On Dec 21,
2009, at 9:38 PM, Al Kossow wrote:
On
12/21/09 5:35 PM, Jerome H. Fine wrote:
I have about 100,000 lines of code in over 3
dozen PDF files that were
scanned from the hard copy listings. Unfortunately, the original
text source
files were lost, so the PDF files are a last resort. Other than
typing in the
code by hand from the PDF file, are there any good freeware programs
to convert a PDF back to a text file?
sounds like the TSX-Plus listings I scanned for Lyle.
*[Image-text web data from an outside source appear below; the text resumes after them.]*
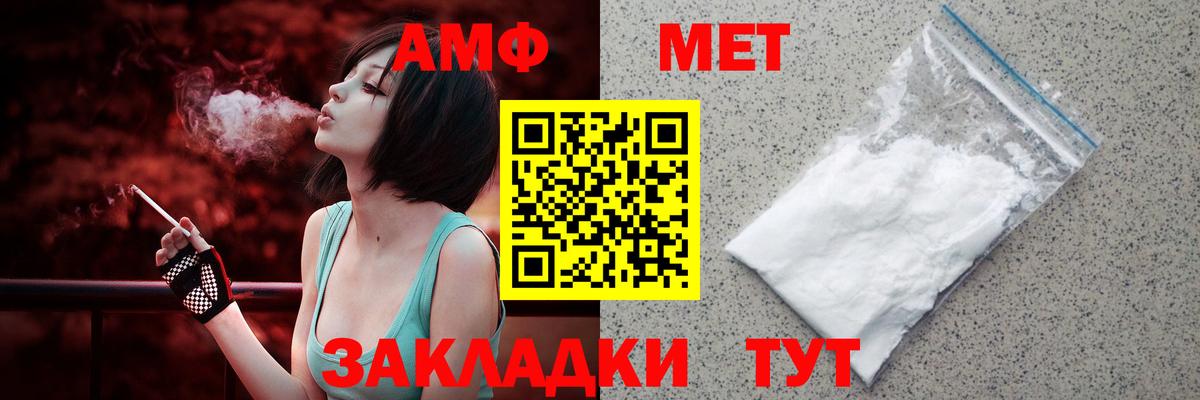 Зерноград  Amphetamine VHQ  Амфетамин  Вход с VPN 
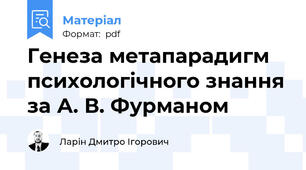 Генеза метапарадигм психологічного знання за А. В. Фурманом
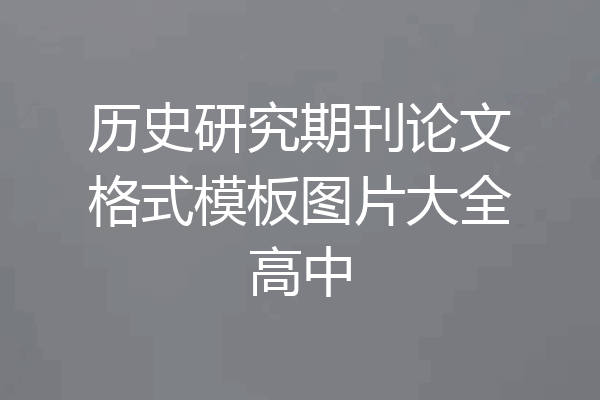 历史研究期刊论文格式模板图片大全高中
I spent a little time playing with ocropus and then teseract, trying
to scan
pdp-11 diags back to text. I didn't have good luck. I'd be
interested if others
have a working formula.
I did have a little fun "training" tereract on the line printer
font. I think that
technique holds promise but it needed more data to do a good job (my
initial sample
was too small, but did improve things a lot).
just curious if anyone else has tried training one of the ocr
programs to read
line printer fonts.
Al Kossow is CORRECT!!!!!!!!!! Look for
/pdf/dec/pdp11/tsxPlus/listings/6.40/
at bitsavers. That was a GREAT job Al. THANK YOU!
The original text files were lost. ALL of the PDF files are text!